In its American premiere at the Mark Taper Forum in downtown Los Angeles, Joshua Sobol’s iWitness brings the inspirational tale of one Austrian man’s stand against Hitler to light. Though dramatic, this play has an uneven tone and is at times too gimmicky.
Director Barry Edelstein adapted Sobol’s English language version and while the segments work by themselves, they fail to form a cohesive whole, lurching widely from realism to slapstick farce to one poetic segment done as rap. All this buries the very moving true story about a man whose last confessor was called a saint and whose story was discovered by American Gordon Zahn while doing research on German Catholics’ response to Hitler.
According to some sources, the book, In Solitary Witness: The Life and Death of Franz Jagerstatter, deeply influenced Daniel Ellsberg and his decision to bring the Pentagon Papers to public attention. If true, then this one man is surely proof that one man can make a difference and perhaps an indication that the seeds for dissent in the 1960s were indeed planted in the 1930s.
In his 1936 poem “The People, Yes,” U.S. Poet Carl Sandburg wrote, “Sometime they’ll give a war and nobody will come.” Sandburg was voicing a sentiment that would become more popular in the 1960s and 1970s. In 1970, a Tony Curtis and Brian Keith movie would be titled Suppose They Gave a War and Nobody Came?. In his 1972 poem, “Graffiti,” Allen Ginsberg would write, “What if someone gave a war and Nobody came? Life would ring the bells of Ecstasy and Forever be Itself again.”
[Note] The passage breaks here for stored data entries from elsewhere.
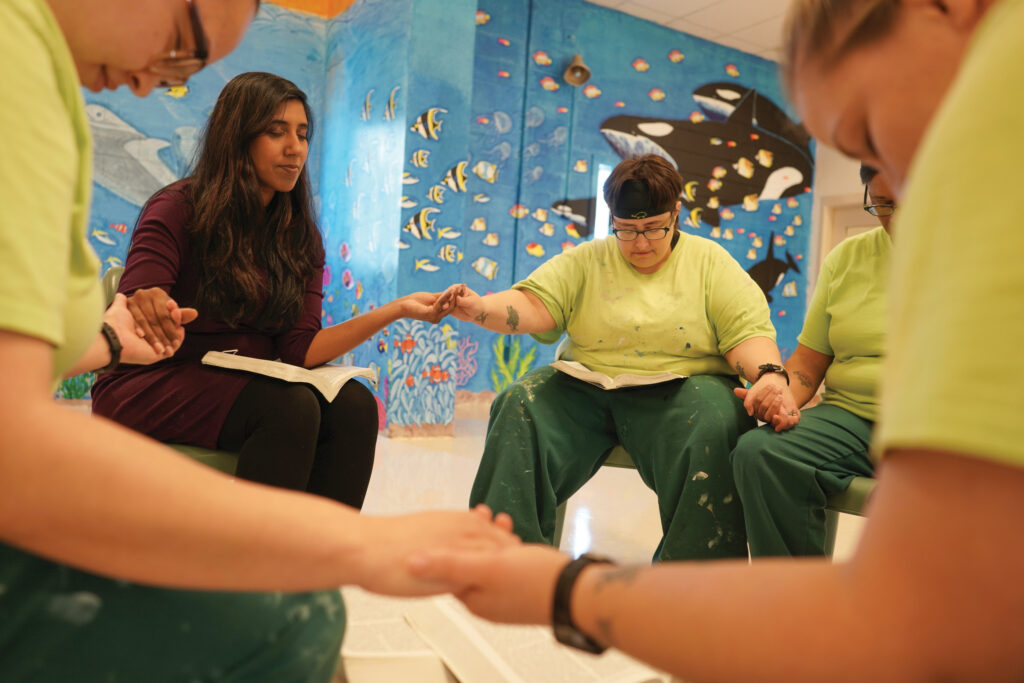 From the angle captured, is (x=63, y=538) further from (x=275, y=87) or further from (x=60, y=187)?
(x=275, y=87)

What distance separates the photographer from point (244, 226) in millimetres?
2051

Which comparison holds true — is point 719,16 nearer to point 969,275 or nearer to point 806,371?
point 806,371

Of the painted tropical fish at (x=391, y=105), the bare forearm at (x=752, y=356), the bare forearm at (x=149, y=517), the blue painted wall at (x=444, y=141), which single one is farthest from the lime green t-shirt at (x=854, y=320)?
the painted tropical fish at (x=391, y=105)

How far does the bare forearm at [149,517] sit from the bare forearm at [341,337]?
4.95 ft

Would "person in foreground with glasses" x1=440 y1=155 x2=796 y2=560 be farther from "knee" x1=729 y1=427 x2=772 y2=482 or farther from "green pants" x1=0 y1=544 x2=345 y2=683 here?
"green pants" x1=0 y1=544 x2=345 y2=683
Sandburg could have been writing about a man like Franz Jagerstatter. Jaggerstatter was born in Austria in 1907, the illegitimate son of a man who was later killed in World War I (1915). He was adopted by his stepfather. By World War II, he was married and had three daughters. In his small village, he was the only man who voted against the unification with Nazi Germany (Anschluss) in 1938 and he remained publicly defiant of Hitler. When he was called to service, he refused. He was eventually found guilty of harming the war effort and executed by guillotine on August 9, 1943.
Although his fellow villagers regarded his stand as foolish, and despite the efforts of one bishop and three priests who sought to convince him that military service was compatible with his Christian faith, Jaggerstatter never wavered in his faith.
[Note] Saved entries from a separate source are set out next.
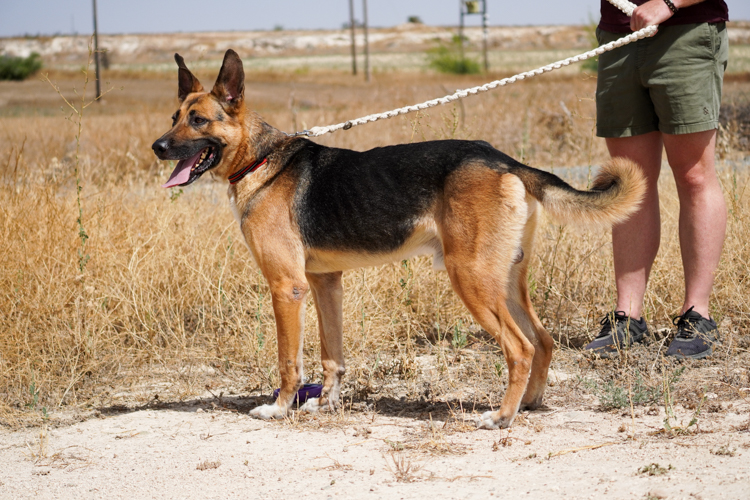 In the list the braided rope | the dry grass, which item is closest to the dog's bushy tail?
the braided rope

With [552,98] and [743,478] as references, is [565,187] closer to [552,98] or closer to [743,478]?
[743,478]

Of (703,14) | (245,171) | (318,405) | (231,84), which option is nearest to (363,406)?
(318,405)

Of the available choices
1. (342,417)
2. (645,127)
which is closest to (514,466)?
(342,417)

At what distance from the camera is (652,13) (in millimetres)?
3846

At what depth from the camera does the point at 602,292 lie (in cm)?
505

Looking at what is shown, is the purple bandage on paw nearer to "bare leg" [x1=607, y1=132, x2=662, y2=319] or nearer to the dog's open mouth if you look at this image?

In the Taper production, Neil Patel’s scenic design has a small square set apart by a different texture from the rest of the floor, representing a cell. Along one side is a spare cot with a thin mattress. Along the back side are a few clothes hanging. Along the side opposite the cot is a line of pots and pans, and shoes are lined up along the side at the front. Projected onto the back of the stage are images of a person handling shoes that are at times so close up as to be almost abstract. Anyone even vaguely familiar with the images of the Holocaust can’t help but remember the shoes, the millions of shoes left behind by the victims of the Nazi regime, a European Holocaust that cost the lives of Jews, Catholics, gays, intellectuals, communists, gypsies, and others deemed undesirable or dangerous by the Nazis.